Yesterday on my knitting blog I posted about having more ideas than time to get them done. It happens to creative types (including entrepreneurs) quite often. This week I have been trying to pull it all together.

The sabbatical I took for re-focusing my efforts on this business endeavor officially ended on Sunday, so Monday I was back at my regular desk with all of the regular distractions. The time away allowed me to break some unproductive habits, opened space for some creative thinking and allowed me to focus on a bigger plan. So all-in-all I would call the sabbatical a success even though it got off to a rough start. The result is I have lots of ideas I want to implement, but a limited capacity due to the normal constraints of time, money or both. Even so, this week I was able to make serious strides in pulling it all together before the end of the year by utilizing a variety of tactics. Confirmed success remains to be seen, but I remain confident.

1. Prioritize

This comes up quite often on this blog, but it is simply because it is such a critical element of success in so many scenarios. Not everything can ever be done at once, even if you have a huge staff, but all the more so when personnel resources are limited.

In some cases prioritization is a function of deciding which activities will generate the biggest bang for the buck. Other times it is based on sequencing activities in a logical order — what needs to be in place first, second and so on.

It is always acceptable to postpone the implementation of an idea for weeks or months. A couple of the ideas I have are just going to have to wait until I have more capacity. However, by doing so, I am confident that when I do take action,  I will end up with a much better result.

2. Hire Outside Experts

Whenever possible, hiring an expert in a particular area will save lots of time and should be well worth the investment. A coach or consultant is not an automatic “fix all” (I’ve written about that before), but they can and should bring insights, expertise and/or a fresh point of view.

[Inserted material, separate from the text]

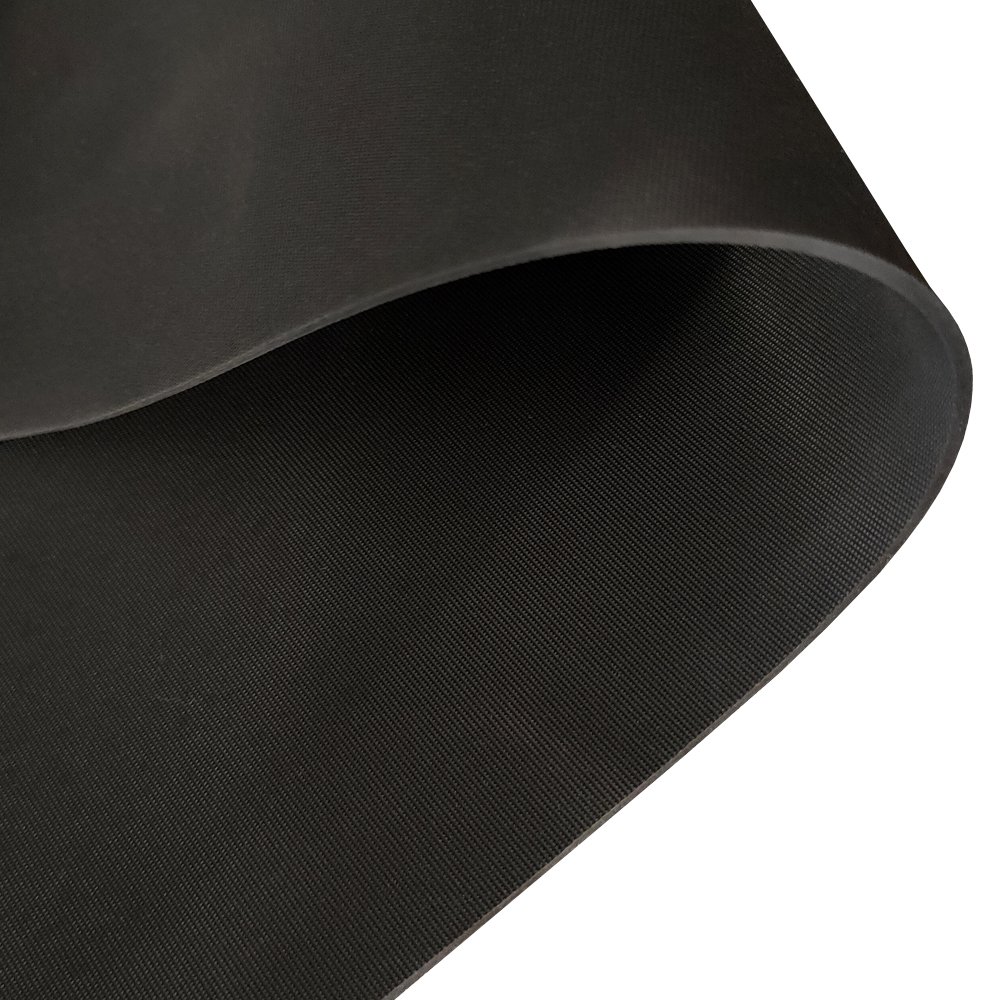 Black rubber gasket wear resistant oil resistant nitrile rubber sheet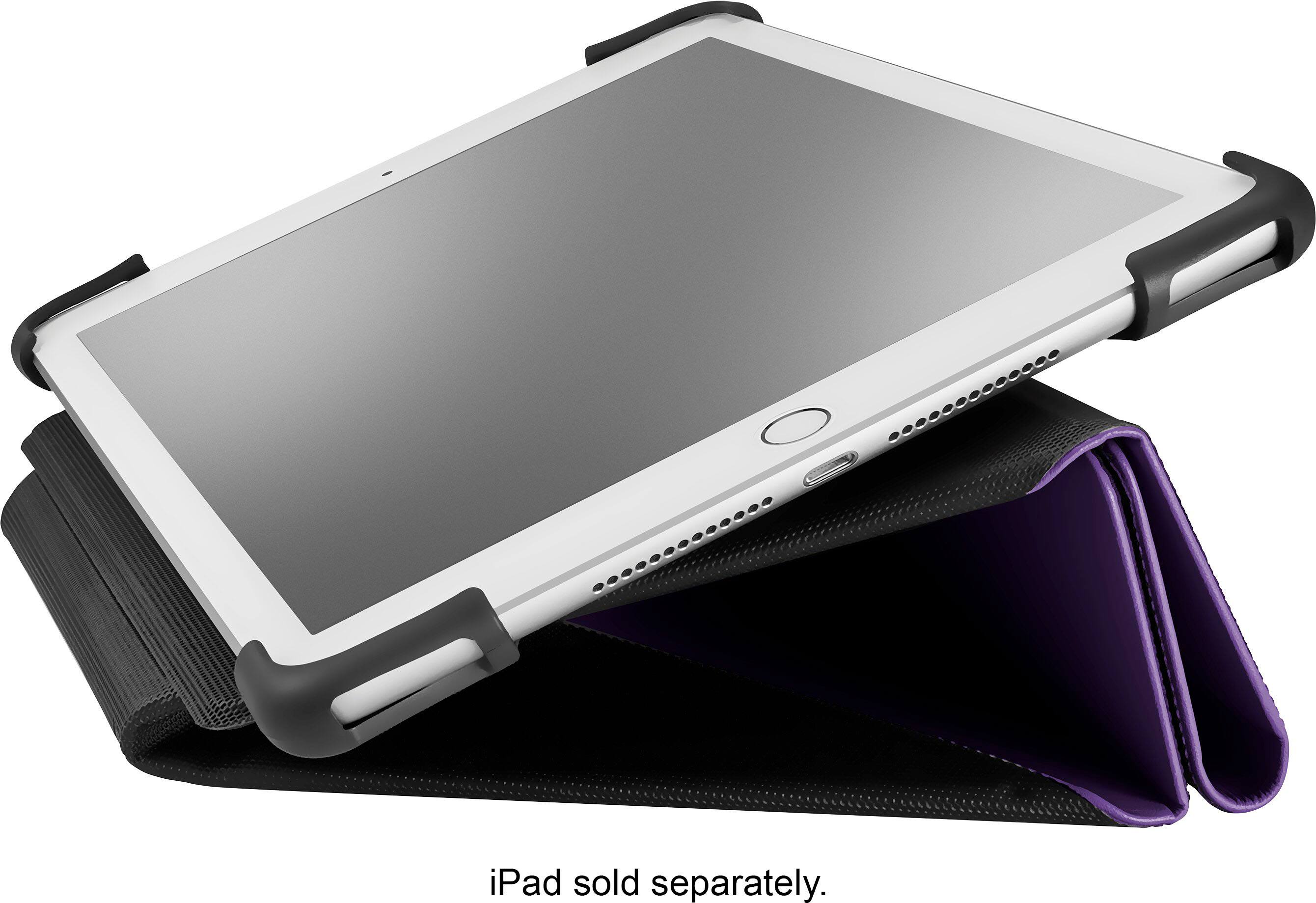 Alt View 19. Insignia™ - Universal FlexView Folio Case for most 9" to 11" tablets - Purple.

One of the tricks to maximizing the investment is to be very clear what problem you are looking to solve or question you are needing answered. The more specific you can be, the more focused your expert can be with their time. The time I spent with my expert this week produced a very clear checklist of action items that I can address in fairly short order. Without her guidance, I am sure I would have just floundered.

3. Finish Before the Deadline

If you talk with anyone who has a reputation for consistent delivery of content, posts, newsletters, etc., most (if not all) is prepped, queued up and ready to go days, weeks or in some cases even months in advance. Seth Godin is reported to have said that if he stopped posting to his blog, it would be months, plural, before anyone would notice.

I am doing this right now with my new newsletter offering starting in January, called the Weekly Course of Action (click that link to sign up). My goal is to have at least 4 – 8 weeks of content ready to go at any time. Then if I am traveling, have an unexpected emergency, or some other distraction, the Weekly Course of Action will still be delivered on Sunday as promised.

If something that is more time-sensitive arises that you want to add, no problem! Just adjust the other content as necessary.

4. Delegate If At All Possible

The key to finding more time is to multiply yourself and the only way to accomplish that (as far as I know) is to leverage the time of others. Just because it is your idea doesn’t mean you have to be the one to implement all of the details. This is particularly true with repetitive tasks. Even if it takes more time to instruct and train initially, after just a few weeks or months, the time savings usually becomes very apparent.

The trick is giving up some level of control. Depending upon your personality this can be exceedingly difficult. But if you are struggling with delegation, just ask yourself how much unique value you actually bring to the task. My virtual assistant (VA) not only frees up some of my time, she also brings her own skills – which often supplement where mine are lacking.

5. Invest in Tools to Streamline and Systematize

These days there is an app for practically everything. Even so, that doesn’t mean that they are actually helping you be more efficient. It is rare to find any product that has no short-comings; inevitably there will be a manual step or work-around. However, if you can keep those to a minimum, you can truly gain time to be allocated to other activities.

By carefully evaluating your processes and tools on an annual basis you may discover it is time to make a change. Sometimes a change is required as a result of the changing needs of your business. Other times it is because you become aware of an available option that more closely suits your needs. Regardless, good tools, well implemented, can really make a positive productivity impact.

Although moving to ConvertKit has not been seamless, I truly believe the integration features will more than recoup my time within the first quarter. Ultimately I will be able to replace two applications that I have to manage separately with one. Not only will that be a win in time, it should also end up being a win financially.

Pulling it all together is a recurring challenge. What tricks and tactics do you utilize?